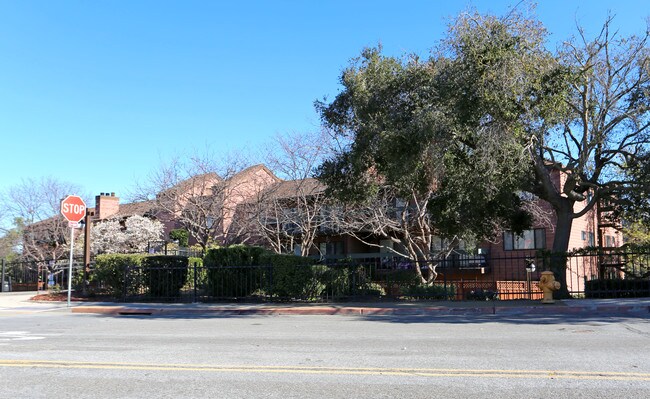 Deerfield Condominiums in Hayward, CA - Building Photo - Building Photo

□ □ □ □

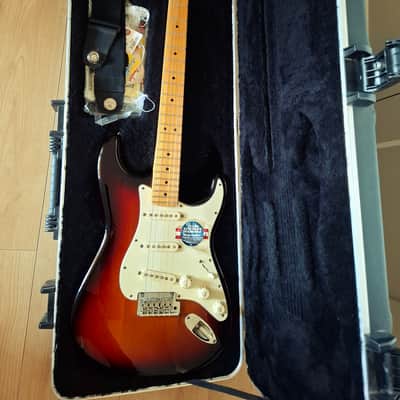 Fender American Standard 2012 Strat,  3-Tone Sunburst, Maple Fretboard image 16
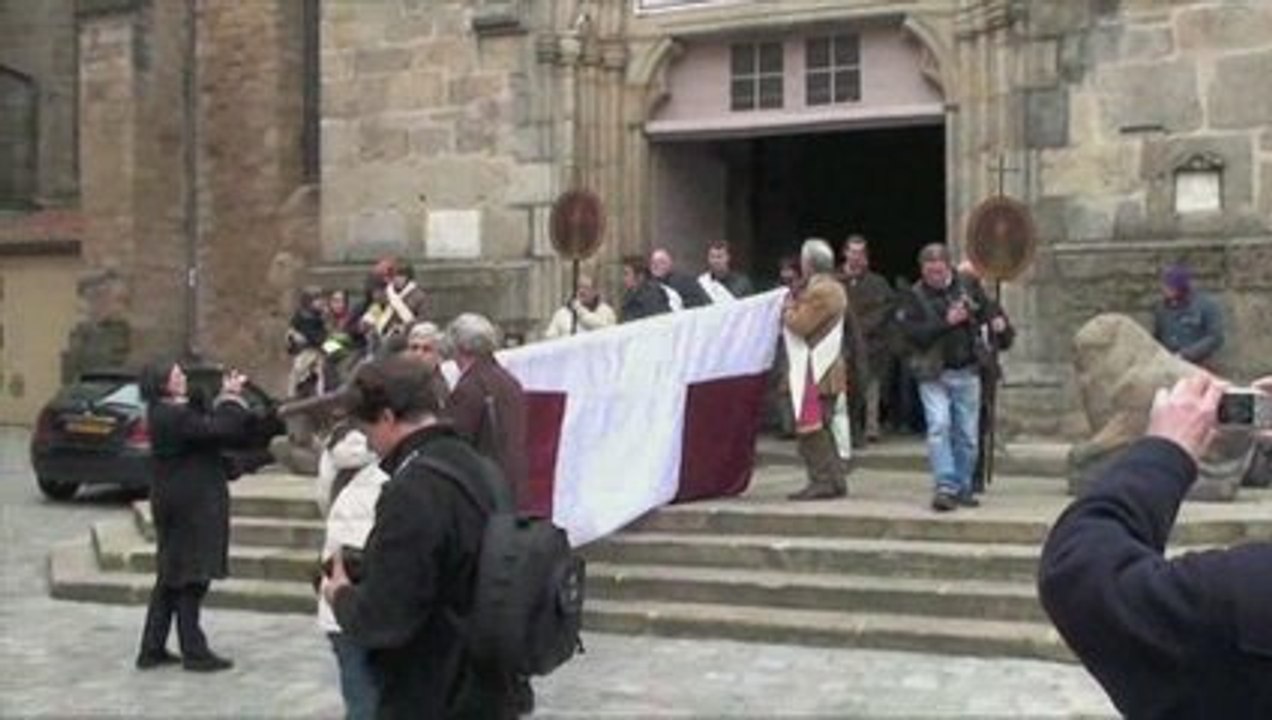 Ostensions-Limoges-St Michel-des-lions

□ □ □ □

Task objective: Everything between and including the line above containing "Fender American Standard" and the line containing "Ostensions-Limoges-St Michel-des-lions" should be reproduced exactly, with pictures excluded.

Exercise response:
 Fender American Standard 2012 Strat,  3-Tone Sunburst, Maple Fretboard image 16
 Ostensions-Limoges-St Michel-des-lions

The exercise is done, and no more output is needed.